Sunday 21 December 2014

Retro-Fortean Crossword

I thought I’d do another crossword puzzle this Christmas, since last year’s seemed to go down well. I assume it went down well, anyway, because it got an above-average number of page-views... but then the annotated list of answers the following week got below-average views, so maybe people just took one look at the puzzle and decided not to bother with it!

As before it’s an old-fashioned non-interactive crossword, so you’ll have to print it out or do it in your head. I originally wanted all the clues to refer to something I’ve written about on this blog in the last 12 months, but once I started filling letters in I realized that wasn’t going to be possible. Still, I’ve tried to stay on-topic as far as possible.

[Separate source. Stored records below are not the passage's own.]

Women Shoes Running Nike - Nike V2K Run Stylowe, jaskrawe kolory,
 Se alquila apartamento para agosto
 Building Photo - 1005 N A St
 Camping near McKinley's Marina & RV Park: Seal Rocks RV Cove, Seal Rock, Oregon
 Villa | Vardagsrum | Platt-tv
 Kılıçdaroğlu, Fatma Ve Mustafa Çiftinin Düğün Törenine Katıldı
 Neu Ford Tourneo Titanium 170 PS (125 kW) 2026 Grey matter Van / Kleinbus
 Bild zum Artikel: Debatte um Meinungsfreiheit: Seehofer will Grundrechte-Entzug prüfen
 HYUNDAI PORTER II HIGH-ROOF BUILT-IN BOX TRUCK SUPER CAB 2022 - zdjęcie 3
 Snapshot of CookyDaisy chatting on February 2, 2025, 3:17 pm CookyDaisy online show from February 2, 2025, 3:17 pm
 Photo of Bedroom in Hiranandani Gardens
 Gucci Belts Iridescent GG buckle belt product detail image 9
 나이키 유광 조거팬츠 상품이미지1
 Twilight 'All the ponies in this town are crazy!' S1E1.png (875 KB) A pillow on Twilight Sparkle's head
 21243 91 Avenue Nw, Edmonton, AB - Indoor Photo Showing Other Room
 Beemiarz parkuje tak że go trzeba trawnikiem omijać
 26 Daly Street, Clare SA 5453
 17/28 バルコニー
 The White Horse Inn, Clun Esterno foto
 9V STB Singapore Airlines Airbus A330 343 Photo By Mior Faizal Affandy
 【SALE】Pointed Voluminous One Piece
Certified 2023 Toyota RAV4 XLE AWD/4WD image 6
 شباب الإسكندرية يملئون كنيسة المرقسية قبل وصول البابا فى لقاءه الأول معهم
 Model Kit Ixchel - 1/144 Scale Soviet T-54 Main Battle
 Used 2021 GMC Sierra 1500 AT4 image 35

I’ll print the answers (together with an explanation of the Retro-Fortean connections) next week.

ACROSS

1. ------- Bierce, who vanished without a trace in December 1913 [7]
5. Generic term for a mystery animal [7]
9. Nickname of Raymond A. Palmer, pulp magazine editor who popularized the Shaver Mystery [3]
10. “The ------- Ruined Dawn World”, short story by Fritz Leiber [7]
11. Secretive organization that Edward Snowden used to work for [3]
12. Fictional country which is the source of Doc Savage’s wealth [7]
13. “---- --- ergo propter hoc”, a logical fallacy popular with some conspiracy theorists [4, 3]
14. A short 16 mm film clip from 1967 purportedly showing Bigfoot [9-6]
19. Village in the South of France reputedly associated with a great mystical secret [6-2-7]
21. Ankh, cross and pentagram, for example [7]
24. A Runic alphabet [7]
27. --- Wein, creator of Wolverine and Swamp Thing [3]
28. Hard to pin down, like many Fortean phenomena [7]
29. Like a UFO, but not unidentified [3]
30. An unexplained event [7]
31. ------- McMahon, X-Files super-soldier played by Lucy Lawless [7]

DOWN

1. Early type of UFO widely reported across America during the 1890s [7]
2. Bigfoot, for example [5]
3. Denny -----, author of The Shadow 1941: Hitler’s Astrologer [5]
4. If the Gunpowder Plot was a False Flag operation, this person may have engineered it [4, 2, 9]
5. A famous Fortean mystery from Barbados [8, 7]
6. Himalayan giant apes (real or imaginary) [5]
7. Enigmatic alien creature in Philip K. Dick’s novel A Maze of Death [5]
8. A type of scientific analysis applied to Bigfoot and Richard III [3, 4]
15. The --- Lost Tribes of Israel [3]
16. The Third ---, by T. Lobsang Rampa [3]
17. --- Levin, author of Rosemary’s Baby and The Stepford Wives [3]
18. First name of JFK’s alleged assassin [3]
19. A water nymph in Slavic mythology [7]
20. Pulp magazine which featured Eric Frank Russell’s Sinister Barrier in its first issue [7]
22. Planet ruled by Ming the Merciless in Flash Gordon’s universe [5]
23. The Magic Flute or The Flying Dutchman, for example [5]
25. Huge volcanic eruption which may have been responsible for the Atlantis legend [5]
26. Entity from another planet [5]

4 comments:

Anonymous said...

Merry Christmas, Andrew :)

Andrew May said...

Thanks Colin - happy Christmas to you too!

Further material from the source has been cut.